Comparing McLean and Luongo because they both made it to the SC g7 is really missing the point.
LOL
Also reading the comments, you can tell how stupid most sports fans are. They stick to their favourite time, compare everything to it, and cannot reconcile that those that came later could be better.
Luongo was far and away a better regular season goalie while McLean has the edge in GAA and SV% in the playoffs.

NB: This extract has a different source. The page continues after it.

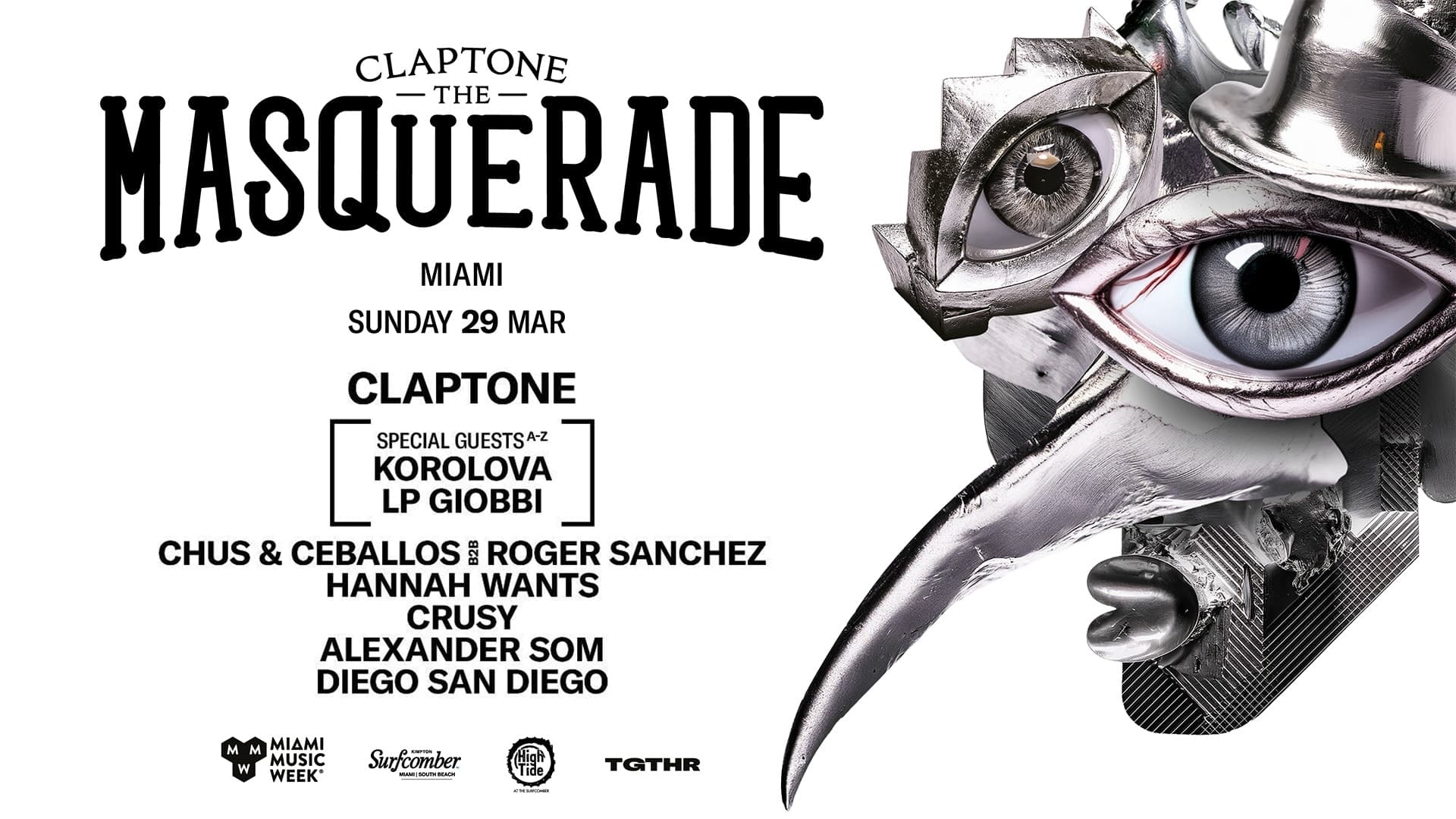 Claptone Presents The Masquerade Miami — Live Music at TGTHR. during Miami Music Week 2026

McLean finished with a .500 playoff record while Luongo finished one-game above .500.
ultimately it’s a question of what you as a fan(base) want to remember, or in this case memorialize.
luongo was the best rs goalie in franchise history, full stop. he had arguably the single best rs season of any canuck ever (2007), including either sedin, naslund, bertuzzi, bure, petey, hughes, anyone. mclean in his peak year (1992) hit a level not that far above where luongo consitently was every year. and mclean’s other spike year (1989), that was a little below where luongo usually was.
so if the thing we care about is the guy’s objective standing relative to the rest of the league, you can absolutely make an argument that luongo not only is a tier or several above mclean but should be in the rafters. that’s the naslund argument and hey why not bertuzzi while we’re at it?
but here is the nuance: luongo was an overdog. it was an absolute revelation that we got him, and he did what he was expected to do, which is provide us with creme de la creme goaltending year in, year out. this debate, imo, rests on how much we value that revelation. we’d had guys who could win games by themselves before, even guys who could win a whole series, but luongo could win any and every game all by himself and that was unprecedented. he changed the culture not only of the team but (like bure did) also of the fanbase and how we understood our place relative to the rest of the league.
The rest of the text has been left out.